At the completion of the trial, participants were asked to rate their impression of change in strength of the target muscle group on a 15-point scale where −7 indicated “a very great deal worse”, 0 indicates “no change” and +7 indicated “a very great deal better” [25]. For all analyses, the results were transformed onto a 15-point scale where 0 reflected −7 (on the original scale), 7 reflected 0 and 15 reflected +7.

Participants’ perceptions of function

At the completion of the trial, participants were asked to rate their impression of change in their abilities to use the target muscle group for functional activities on a 15-point scale where −7 indicated “a very great deal worse”, 0 indicated “no change” and +7 indicated “a very great deal better” for the target muscle group [25]. The results were transformed onto a 15-point scale for analyses, as above.

Difference between predicted and measured final strength

Prior to the baseline assessment, the treating therapists were asked to predict the likely strength of the target muscle group (on a 13-point manual muscle test) at the end of the 8-week study period.

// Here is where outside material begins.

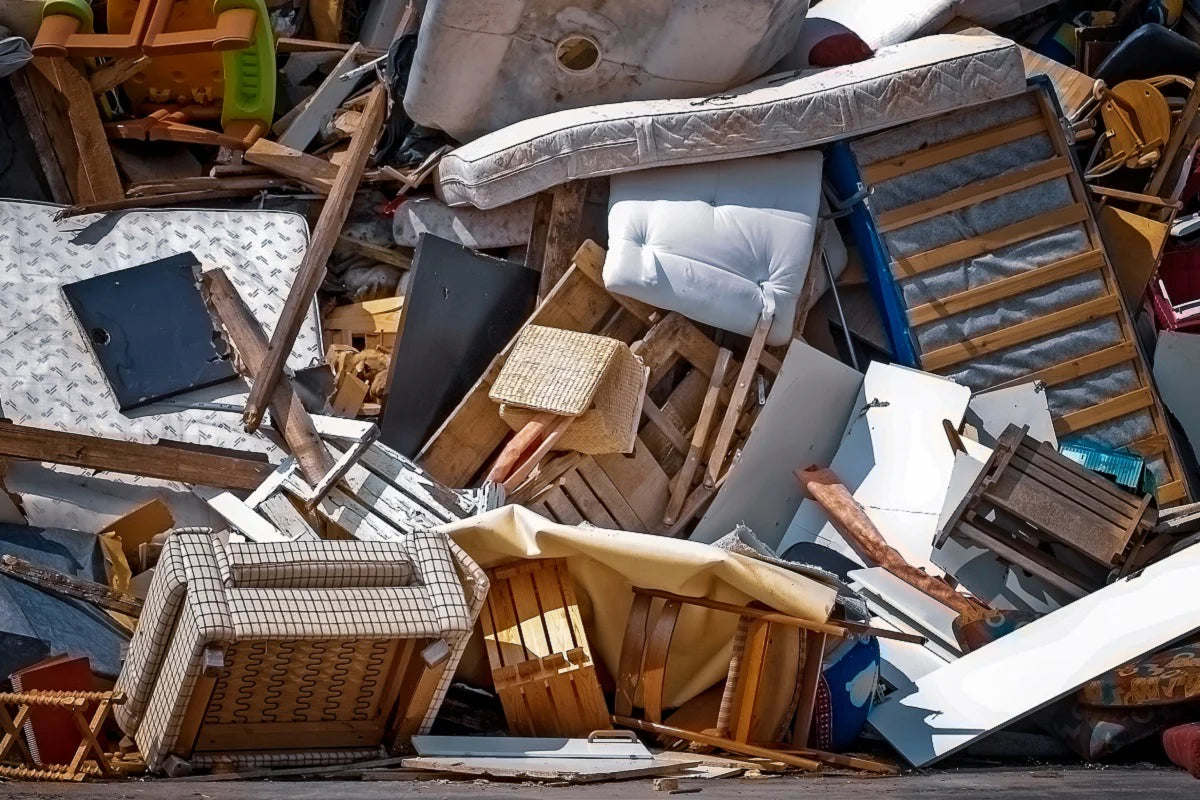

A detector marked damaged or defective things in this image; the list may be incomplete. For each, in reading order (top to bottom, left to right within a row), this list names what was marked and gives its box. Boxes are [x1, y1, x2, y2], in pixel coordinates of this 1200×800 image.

Then, after 8 weeks, a score was derived that reflected the difference between predicted and measured final strength. This difference was used in the analyses and captured any increases or decreases in strength over and above what therapists predicted after taking into account the initial neurological status of the participant and any other factors that therapists deemed important (e.g., willingness to exercise, age, other comorbidities and complications).

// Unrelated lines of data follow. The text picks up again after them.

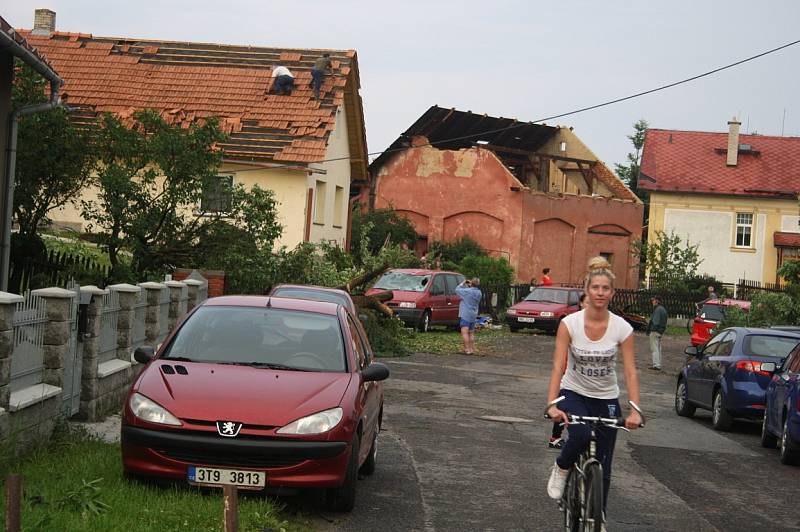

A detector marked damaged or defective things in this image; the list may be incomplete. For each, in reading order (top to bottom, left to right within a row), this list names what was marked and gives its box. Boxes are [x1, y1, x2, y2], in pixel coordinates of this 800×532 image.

damaged roof [18, 30, 368, 180]
damaged roof [640, 130, 800, 198] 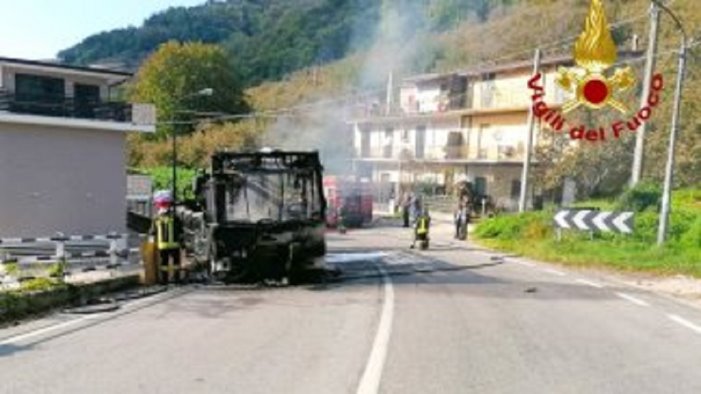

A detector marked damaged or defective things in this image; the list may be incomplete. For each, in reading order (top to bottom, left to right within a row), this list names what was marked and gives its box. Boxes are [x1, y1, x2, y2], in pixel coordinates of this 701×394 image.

burned bus [178, 151, 326, 284]
burnt bus roof [212, 149, 324, 174]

Finally, participants from the Treatment Group were asked to rate the burden of the training on an eleven-point scale, where 0 indicated that the training was “not at all burdensome” and 10 indicated that the training was “extremely burdensome”. These data were intended to provide some indication of the burden of the treatment. The burden of treatment was not an outcome measure and these data were only analysed descriptively.

Statistical analysis

The power calculation indicated that a sample size of 120 would give a better than 80% probability of detecting a between-group difference on the primary outcome. This calculation assumed an α of 0.05, a SD of 2 points, a dropout rate of 10%, non-compliance of 10% and correlation between baseline and final strength of 0.6.

All statistical analyses were performed using the principle of “intention to treat”. Linear regression was used for all outcomes including the primary outcome to determine mean between-group differences and 95% CI. These analyses are robust to assumptions of normality with large sample sizes.

Two additional analyses were run just on the primary outcome (because of its short ordinal and skewed nature) to check the robustness of our primary results. One was the centile routine in Stata (v15; Statacorp, TX, USA [26]). This was used to derive 95% CIs for median between-group differences. This makes no assumption about the normality of distribution and is based on the generalised Hodges–Lehmann median differences function. The second additional analysis on the primary outcome was an ordinal logistical regression (also known as a proportional odds or cumulative odds model) with initial strength and site of recruitment entered into the model as co-variates (using the ologit command of Stata) [27]. This calculates an averaged odds ratio (with 95% CI) and is reflective of the odds of attaining a higher score in the Treatment Group compared with the Control Group. The averaged odds ratio is derived from 10 different possible odds ratios for the data, which are the odds of attaining a strength score at 8 weeks of 2 points (the lowest score attained by participants at 8 weeks) versus 3 to 13 points, 2 or 3 points versus 4 to 13 points, 2 to 4 points versus 5 to 13 points, etc. Prior to using this approach, a likelihood-ratio test was used to ensure that data did not violate the proportional odds assumption (using the omdel command of STATA).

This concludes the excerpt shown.